In the old days you could create an application that automated one aspect of your business process and that was fine. And in a lot of exercises and assignments in school, that is how we are taught to do things. But that is not good enough anymore. Most everything has already been automated in isolation, but now the problem is that these silos don’t talk to each other. Here is an example:
I was talking to a co-worker. He travelled a lot and had a ton of points with a hotel chain. He decides he wants to use some of those points to get a free hotel room for an overdue trip with his wife next week. So he logs on to the hotel web site to find a room and reserve it. He wants to pay for the room with his points. He can see the reservation, and he can see his points, but it isn’t obvious how to do the transaction with both. Then the hotel’s instructions go something like this: “If you wish to use points for your hotel stay, please call our 1-800 number to redeem your points as a paper certificate. Your certificate will be mailed to your home address in approximately 14 days. Please present the certificate upon check-in to complete the redemption process. If you wish to expedite the delivery of your certificate, click here to pay $20 for the overnight shipping charges.”

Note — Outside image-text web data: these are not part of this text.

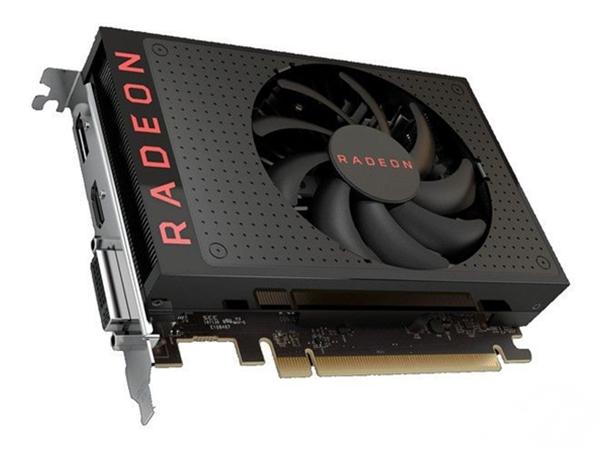 rx550相当于什么显卡1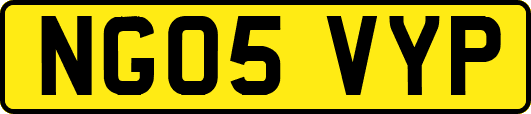 NG05VYP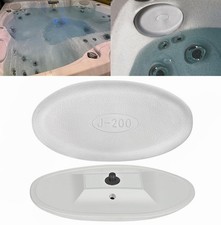 2472-828 6455-457 Spa Pillow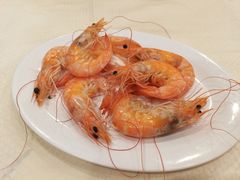 -深运潮州粥(水库店)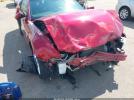 Ford Mustang V6 Premium Image 14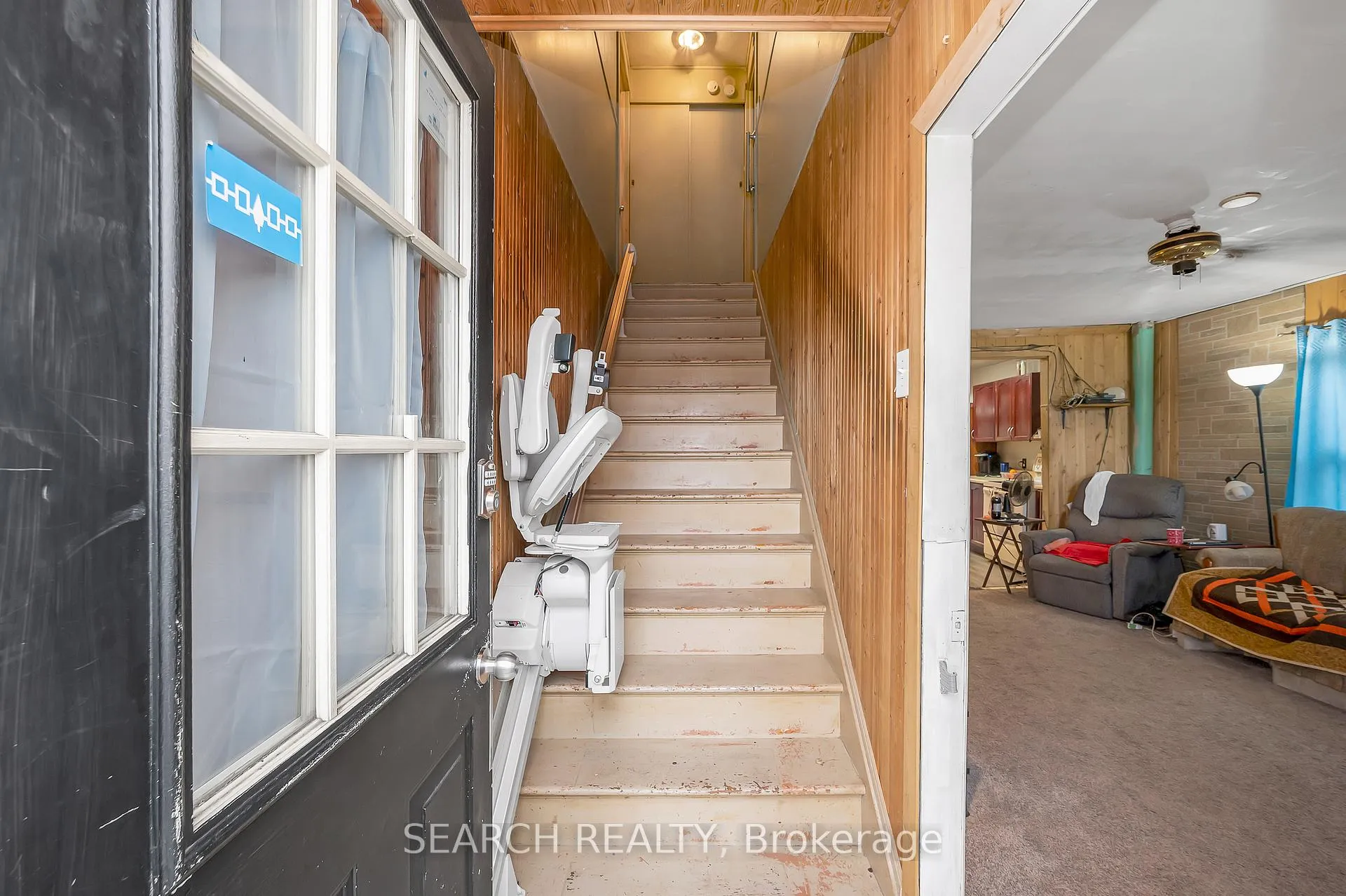 Photo 13 of 222 Walter Avenue N, Hamilton, Normanhurst — HOMEH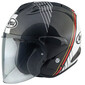 casque-arai-szr-vas-evo-temu-noir-blanc-rouge-1.jpg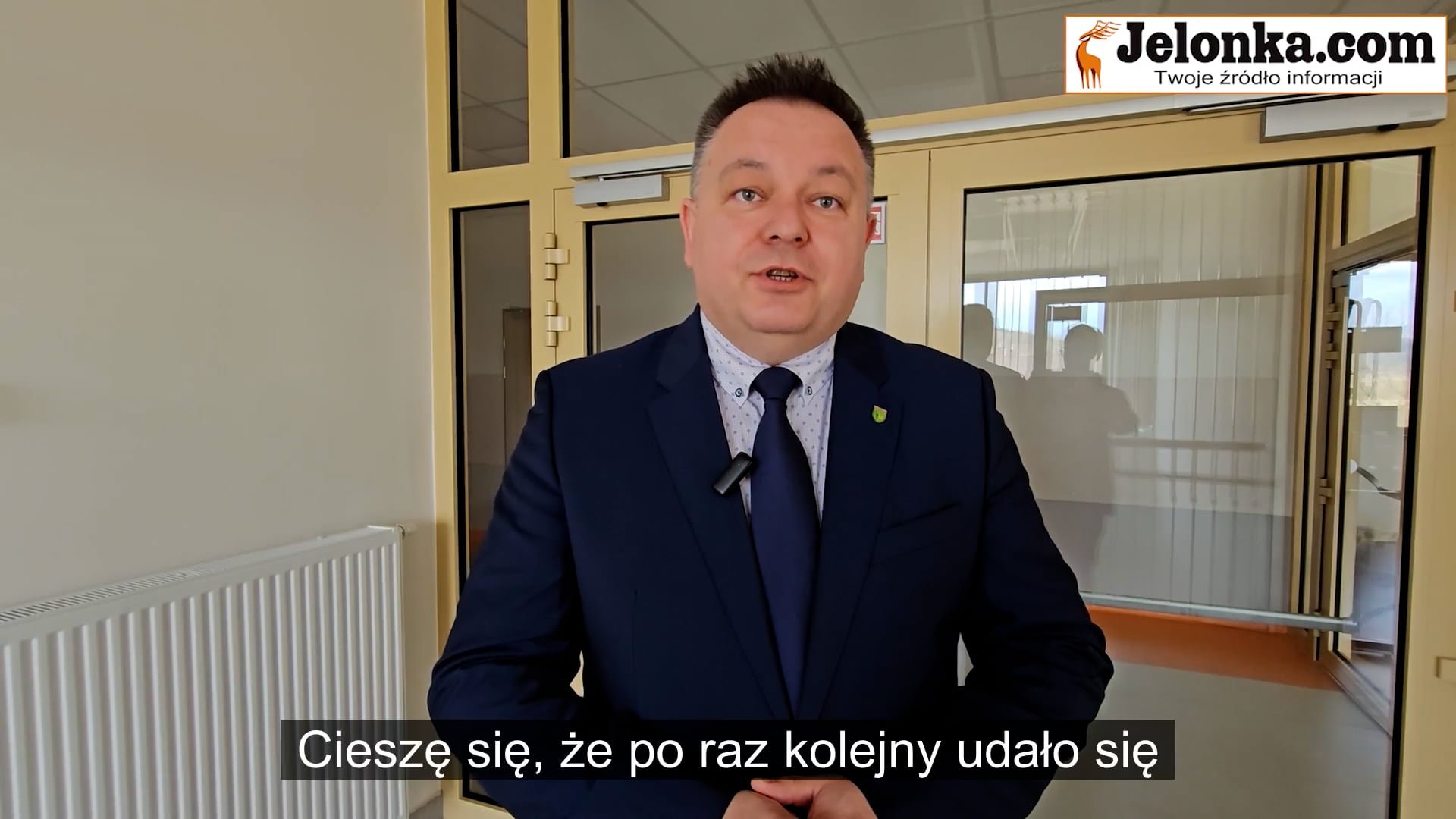 beda-kolejne-turnieje-123154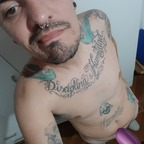 Apolo (yosoyapolo) Leaks OnlyFans 

 profile picture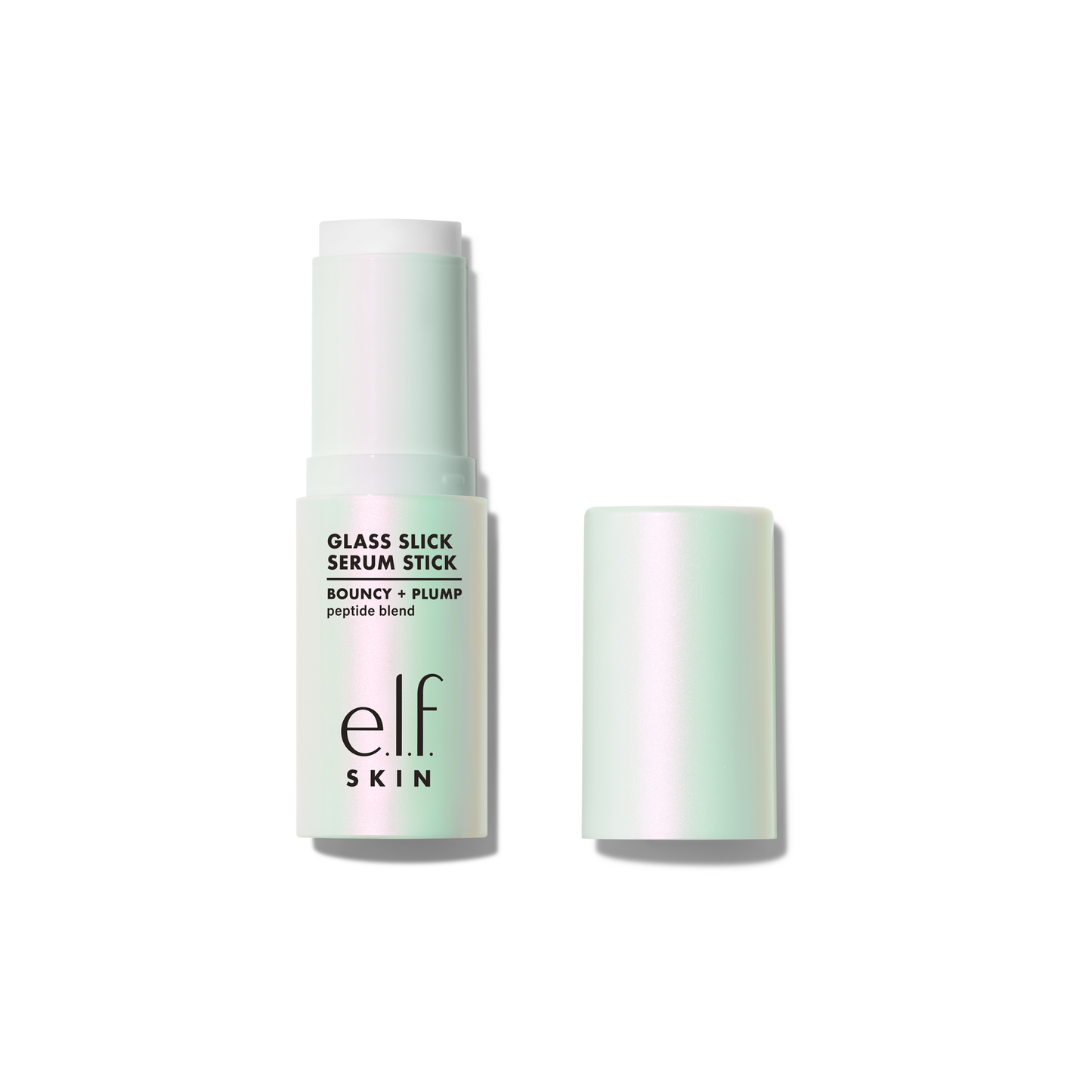 glass-slick-serum-stick-f4 57058_Open_A_V4_R_dc62cbe1-199a-49d1-a072-d2bb1746b581.png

How lame is that? Not only does it cost money for the hotel chain to deal with those paper certificates, but it angers the customers they are trying to reward. Systems developed in isolation that don’t talk to each other.
So not only do our applications need to do things well within their own scope, they need to connect with everything else.
If you think about how business works, it’s really more about workflow that cuts horizontally across many areas, it’s not a vertical silo. And the workflow can start other workflows (fork), or receive input from others (join). For example, a customer order that debits inventory that orders replenishment from the manufacturer that may start a new credit request.
It’s not possible to build everything into a single application. Scope your application, but enable the data flow so that it can communicate with other systems that haven’t even been built yet.